• [What to do]: Restate all of the following data exactly, keeping any images out of the copy.

• [Collected data]:
=== Begin Enclosure ===

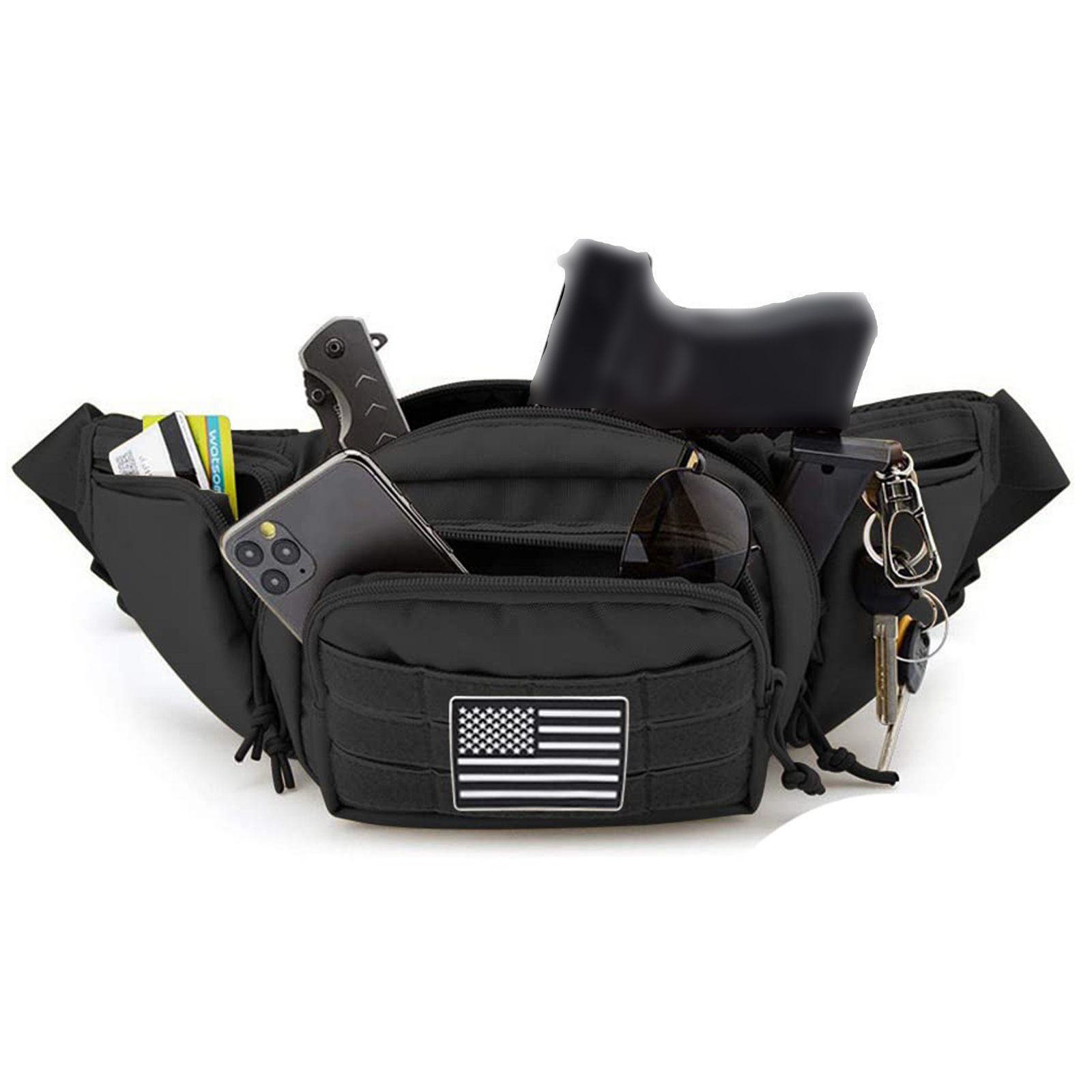 Tactical Fanny Pack Gun Holste - Edc Carry Bag For Men incelemesi ve fiyatı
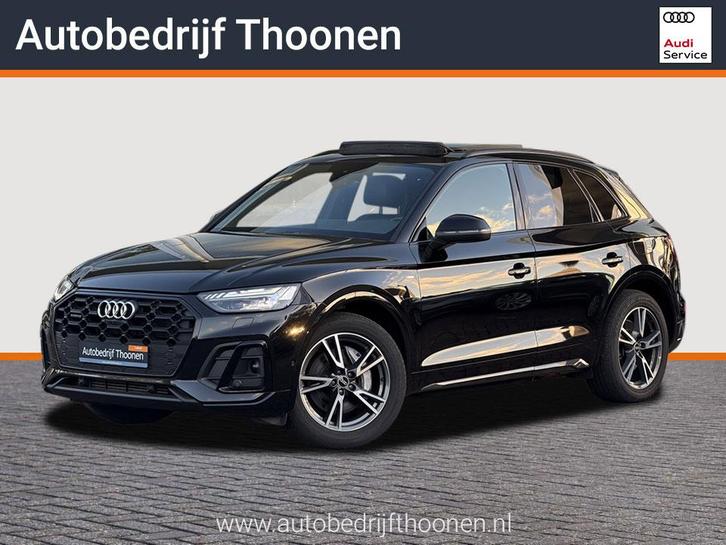 Audi Q5 50 TFSI e S edition | massage | luchtvering | trekha, Auto's, Audi, Bedrijf, Te koop, Q5, 360° camera, 4x4, ABS, Achteruitrijcamera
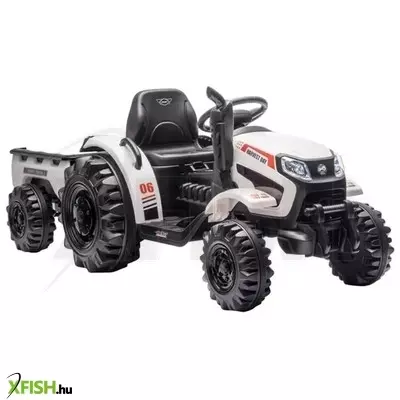 hecht 50435 white - akkumulátoros gyerek traktor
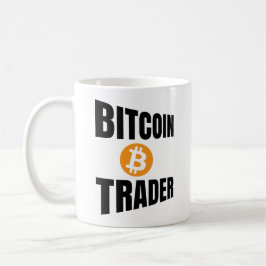 Bitcoin Trader Perspectieftekst Koffiemok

=== End Enclosure ===

• [Answer to the problem]:
 Tactical Fanny Pack Gun Holste - Edc Carry Bag For Men incelemesi ve fiyatı
 Audi Q5 50 TFSI e S edition | massage | luchtvering | trekha, Auto's, Audi, Bedrijf, Te koop, Q5, 360° camera, 4x4, ABS, Achteruitrijcamera
 hecht 50435 white - akkumulátoros gyerek traktor
 Bitcoin Trader Perspectieftekst Koffiemok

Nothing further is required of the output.